Some of them may be women. Our constitution says that deacons may be male or female members of the church. Paul talks in 1 Timothy 3:11 about women deacons (that is the most likely translation of an ambiguous phrase); he commends Phoebe: a deacon of the church in Cenchrea (Romans 16:1). The Bible forbids women to teach or to exercise authority over men (1 Timothy 2:12) but there is nothing in the Bible to forbid a woman from doing works of practical service. And there are some diaconal tasks that can only be done effectively and appropriately by women – especially in the realm of caring for the physical and emotional needs of other women.
Reasons for Writing
Why am I writing this now? Well partly because of the smell of the paint. But mostly because I was asked to. A pastor from another church phoned me yesterday to ask what I thought about women deacons. Would it be in order for the church he serves to appoint a woman as a deacon? “Well”, said I, “it depends what the church means by the word ‘deacon’ and what it expects a deacon to do”. So he suggested that I should write a “letter from the manse” on the subject of deacons and spell out what I think the word should mean. So I have. I hope, Sir, you find it useful.

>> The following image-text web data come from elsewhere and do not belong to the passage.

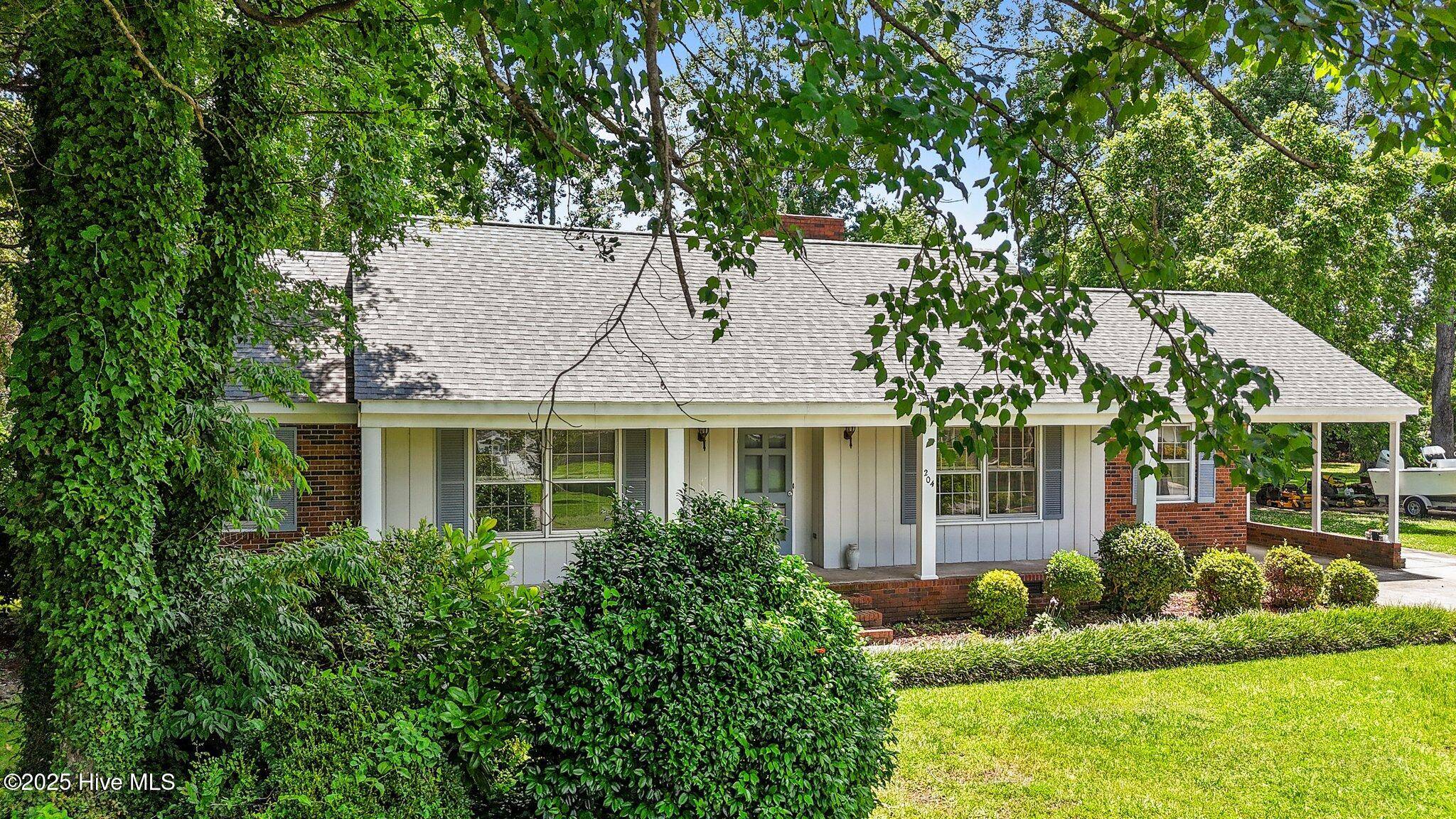 Greenville, NC 27834,204 Ravenwood DR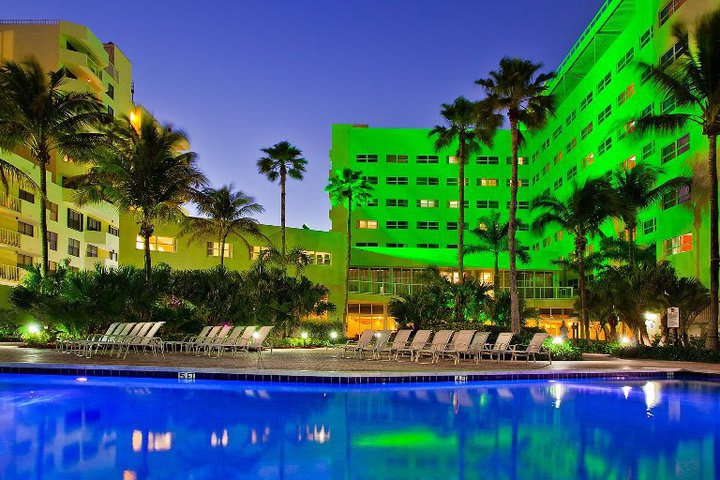 Vista nocturna de la piscina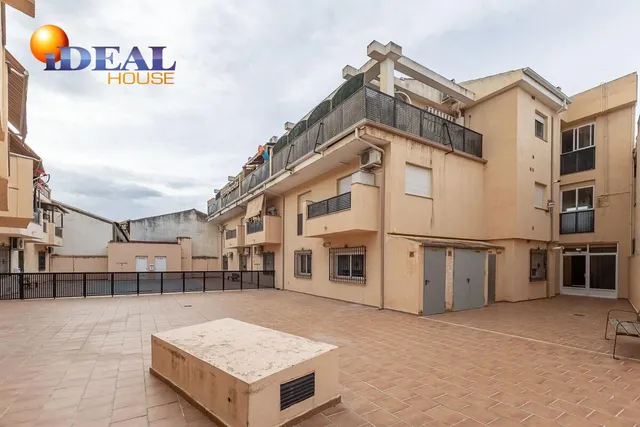 Piso en urbanización con piscina en Las Gabias — 24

And for us, the members of this church? Well, if nothing else, I hope we’re stirred to give thanks – to our faithful deacons – and much more, to the Lord who has given them to us. How grateful we should be for them! How often Geoff and I have been grateful for their counsel and support! May the Lord preserve them and reward them. “Those who serve well as deacons gain a good standing for themselves and also great confidence in the faith which is in Christ Jesus” (1 Timothy 2:13). “And the Lord said, ‘Who then is the faithful and wise manager, whom his master will set over his household, to give them their portion of food at the proper time? Blessed is that servant whom his master will find doing so, when he comes!’ ” (Luke 12:42).
And let’s seek to follow their example. Don’t stand back and say, “well it’s wonderful that they’re there to do the work”. Rather, ask how you could better serve the Lord and his people. What talents have you got buried? What burdens could you be lifting from our deacons? Make it your business to share their work – and their reward.